The signature phrase injection is what makes roles retrieve domain-relevant material even on generic tasks.

This is where overlay governance becomes retrieval behavior:

CheckEffect
Forbidden sourceHard reject with forbidden_source reason
Excluded roleHard reject with role_mismatch reason
Applicable role match1.3x boost
Role mismatchPenalty (configurable via role_mismatch_penalty)
Stale contentPenalty (configurable via stale_penalty)
Trust tierMultiplicative boost from overlay config
Document typeMultiplicative boost from overlay config
Preferred sourceMultiplicative boost with stated reason

Every rejected candidate gets a recorded reason — no silent filtering.
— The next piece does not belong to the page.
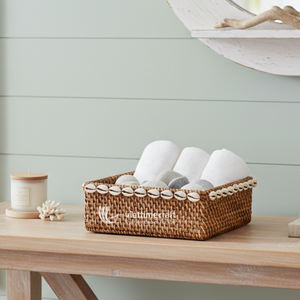 Cesta de Almacenamiento de Ratán Tejida a Mano con Borde de Conchas Marinas Naturales, Ecológica, para Cocina y Armario, Decoración Costera, Caja de Regalo - Product Image 4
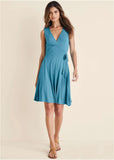 Faux Wrap Mini Dress Blue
Transparent weighted model:

final = lexical * w1 + semantic * w2 + normalize(metadata) * w3 + vocab_hits * w4

Weights come from the overlay’s retrieval_policy. Default split: 0.3 / 0.3 / 0.2 / 0.2.

Source diversity pressure: when require_source_diversity is true, additional chunks from the same source are penalized after max_chunks_per_source is reached. This prevents a single source from filling the whole bundle.

The RetrievalBundle is the governed output. It answers:

  • What was searched — full query trace with overlay rules applied
  • What was selected — scored chunks with reasons and overlay hits
  • What was rejected — every excluded candidate with a coded reason
  • Is the evidence trustworthy — provenance posture (strong/mixed/weak)
  • Is the evidence fresh — freshness posture (fresh/mixed/stale)
  • What went wrong — warning codes for degraded scenarios

This is what downstream consumers (Role OS dispatch, prompt builder) use. They never reach back into the corpus.